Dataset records
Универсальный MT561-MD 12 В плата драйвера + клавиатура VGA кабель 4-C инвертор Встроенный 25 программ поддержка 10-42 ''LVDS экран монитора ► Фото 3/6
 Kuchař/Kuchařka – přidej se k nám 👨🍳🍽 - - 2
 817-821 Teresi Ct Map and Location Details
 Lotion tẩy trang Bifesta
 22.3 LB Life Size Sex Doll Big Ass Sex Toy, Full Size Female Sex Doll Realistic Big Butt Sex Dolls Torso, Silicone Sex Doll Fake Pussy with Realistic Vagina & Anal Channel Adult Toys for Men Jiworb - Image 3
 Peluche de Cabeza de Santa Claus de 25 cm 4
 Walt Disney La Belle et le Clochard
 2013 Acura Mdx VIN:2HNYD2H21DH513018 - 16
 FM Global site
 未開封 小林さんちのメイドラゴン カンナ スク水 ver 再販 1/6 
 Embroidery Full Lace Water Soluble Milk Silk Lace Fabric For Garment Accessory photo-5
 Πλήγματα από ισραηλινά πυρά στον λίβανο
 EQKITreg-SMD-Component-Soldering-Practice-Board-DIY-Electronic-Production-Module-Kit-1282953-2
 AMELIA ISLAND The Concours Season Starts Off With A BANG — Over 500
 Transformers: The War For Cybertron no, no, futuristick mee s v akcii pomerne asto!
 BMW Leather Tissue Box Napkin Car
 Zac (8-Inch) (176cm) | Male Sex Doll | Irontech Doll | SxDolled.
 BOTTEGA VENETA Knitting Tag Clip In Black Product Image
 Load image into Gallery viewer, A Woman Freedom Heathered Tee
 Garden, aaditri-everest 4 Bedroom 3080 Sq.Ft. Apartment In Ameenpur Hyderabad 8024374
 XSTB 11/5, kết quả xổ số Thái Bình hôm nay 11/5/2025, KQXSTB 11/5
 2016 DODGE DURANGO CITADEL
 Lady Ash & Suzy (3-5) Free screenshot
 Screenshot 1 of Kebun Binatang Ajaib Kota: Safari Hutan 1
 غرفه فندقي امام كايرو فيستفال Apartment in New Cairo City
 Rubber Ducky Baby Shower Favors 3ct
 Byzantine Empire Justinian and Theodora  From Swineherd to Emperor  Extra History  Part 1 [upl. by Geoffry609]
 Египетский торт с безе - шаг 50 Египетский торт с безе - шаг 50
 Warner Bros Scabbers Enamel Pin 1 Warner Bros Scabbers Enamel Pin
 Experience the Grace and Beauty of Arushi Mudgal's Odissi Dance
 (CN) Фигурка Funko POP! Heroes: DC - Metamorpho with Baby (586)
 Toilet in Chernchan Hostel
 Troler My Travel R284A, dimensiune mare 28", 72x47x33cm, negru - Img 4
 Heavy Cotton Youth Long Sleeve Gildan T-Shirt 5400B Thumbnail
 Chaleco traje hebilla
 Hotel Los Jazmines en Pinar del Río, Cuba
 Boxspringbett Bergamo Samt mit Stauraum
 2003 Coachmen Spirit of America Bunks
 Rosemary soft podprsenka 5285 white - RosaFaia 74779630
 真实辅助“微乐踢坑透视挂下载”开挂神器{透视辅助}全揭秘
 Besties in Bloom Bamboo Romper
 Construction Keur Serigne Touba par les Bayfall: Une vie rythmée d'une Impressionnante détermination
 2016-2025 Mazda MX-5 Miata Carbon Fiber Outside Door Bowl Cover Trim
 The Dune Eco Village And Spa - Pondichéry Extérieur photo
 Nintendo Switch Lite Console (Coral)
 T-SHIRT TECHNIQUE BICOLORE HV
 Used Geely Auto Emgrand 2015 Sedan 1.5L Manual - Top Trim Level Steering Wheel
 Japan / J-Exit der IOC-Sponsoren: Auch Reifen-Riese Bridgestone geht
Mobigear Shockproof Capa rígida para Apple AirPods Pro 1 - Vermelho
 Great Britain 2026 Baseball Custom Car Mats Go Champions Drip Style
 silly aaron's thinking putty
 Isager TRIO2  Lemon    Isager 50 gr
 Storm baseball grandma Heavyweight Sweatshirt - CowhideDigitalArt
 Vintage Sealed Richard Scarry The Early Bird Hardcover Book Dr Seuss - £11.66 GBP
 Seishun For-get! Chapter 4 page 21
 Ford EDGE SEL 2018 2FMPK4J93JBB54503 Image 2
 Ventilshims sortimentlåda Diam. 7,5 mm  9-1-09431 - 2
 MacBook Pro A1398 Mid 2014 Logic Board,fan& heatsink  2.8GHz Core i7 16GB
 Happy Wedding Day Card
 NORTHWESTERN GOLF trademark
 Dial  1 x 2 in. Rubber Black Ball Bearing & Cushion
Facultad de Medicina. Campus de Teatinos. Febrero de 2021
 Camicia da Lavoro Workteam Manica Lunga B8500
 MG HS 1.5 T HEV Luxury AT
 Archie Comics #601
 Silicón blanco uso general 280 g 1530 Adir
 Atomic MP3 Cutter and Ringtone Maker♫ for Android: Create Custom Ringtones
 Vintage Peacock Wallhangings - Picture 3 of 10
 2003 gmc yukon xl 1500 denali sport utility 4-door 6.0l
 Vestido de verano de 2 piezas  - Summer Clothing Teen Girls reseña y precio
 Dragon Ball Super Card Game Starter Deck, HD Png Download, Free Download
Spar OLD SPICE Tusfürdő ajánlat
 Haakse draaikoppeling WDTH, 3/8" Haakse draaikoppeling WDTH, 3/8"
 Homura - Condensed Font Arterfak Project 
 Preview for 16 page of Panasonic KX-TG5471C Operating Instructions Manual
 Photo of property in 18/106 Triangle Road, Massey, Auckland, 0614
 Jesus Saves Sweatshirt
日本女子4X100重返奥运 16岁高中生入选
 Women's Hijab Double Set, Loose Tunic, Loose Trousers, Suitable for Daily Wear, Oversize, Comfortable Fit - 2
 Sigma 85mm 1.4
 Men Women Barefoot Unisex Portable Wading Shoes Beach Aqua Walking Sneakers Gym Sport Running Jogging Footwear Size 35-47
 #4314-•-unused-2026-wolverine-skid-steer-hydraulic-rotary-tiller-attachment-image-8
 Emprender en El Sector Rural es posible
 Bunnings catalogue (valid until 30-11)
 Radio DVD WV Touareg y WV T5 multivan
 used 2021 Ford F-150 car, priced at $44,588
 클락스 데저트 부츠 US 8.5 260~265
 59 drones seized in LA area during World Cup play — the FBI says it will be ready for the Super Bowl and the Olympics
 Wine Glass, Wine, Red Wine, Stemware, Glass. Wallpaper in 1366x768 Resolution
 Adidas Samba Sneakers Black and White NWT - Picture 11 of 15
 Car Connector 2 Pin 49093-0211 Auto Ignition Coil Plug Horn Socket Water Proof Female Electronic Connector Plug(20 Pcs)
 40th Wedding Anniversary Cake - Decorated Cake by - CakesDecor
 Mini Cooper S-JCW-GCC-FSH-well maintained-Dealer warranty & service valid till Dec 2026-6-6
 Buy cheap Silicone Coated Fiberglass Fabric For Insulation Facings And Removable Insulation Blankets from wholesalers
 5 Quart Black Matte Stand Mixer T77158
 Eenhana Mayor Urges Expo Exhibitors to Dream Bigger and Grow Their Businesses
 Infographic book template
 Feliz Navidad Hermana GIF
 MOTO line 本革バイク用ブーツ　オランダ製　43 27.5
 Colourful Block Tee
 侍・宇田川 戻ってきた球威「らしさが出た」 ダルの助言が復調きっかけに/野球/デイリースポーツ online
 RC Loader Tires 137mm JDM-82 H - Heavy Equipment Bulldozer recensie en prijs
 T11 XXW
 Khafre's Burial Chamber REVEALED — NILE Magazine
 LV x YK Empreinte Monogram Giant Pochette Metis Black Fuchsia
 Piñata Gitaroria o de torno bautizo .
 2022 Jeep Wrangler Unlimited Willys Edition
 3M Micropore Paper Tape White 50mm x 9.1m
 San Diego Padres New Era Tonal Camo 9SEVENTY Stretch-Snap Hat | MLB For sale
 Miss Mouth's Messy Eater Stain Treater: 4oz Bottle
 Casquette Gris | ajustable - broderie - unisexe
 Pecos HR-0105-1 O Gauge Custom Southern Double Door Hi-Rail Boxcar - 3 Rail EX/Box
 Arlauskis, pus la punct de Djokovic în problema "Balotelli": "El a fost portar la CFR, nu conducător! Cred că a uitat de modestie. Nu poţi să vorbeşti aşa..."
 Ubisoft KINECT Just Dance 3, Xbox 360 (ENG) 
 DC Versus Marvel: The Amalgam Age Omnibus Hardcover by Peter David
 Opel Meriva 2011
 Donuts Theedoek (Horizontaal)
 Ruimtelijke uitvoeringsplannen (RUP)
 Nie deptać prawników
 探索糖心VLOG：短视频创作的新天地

**Exercise requirements**
Given the records above, return exactly the lines starting at the line containing "Emprender en El Sector Rural es posible" and ending at the line containing "클락스 데저트 부츠 US 8.5 260~265", including both.

**Response to the task**
 Emprender en El Sector Rural es posible
 Bunnings catalogue (valid until 30-11)
 Radio DVD WV Touareg y WV T5 multivan
 used 2021 Ford F-150 car, priced at $44,588
 클락스 데저트 부츠 US 8.5 260~265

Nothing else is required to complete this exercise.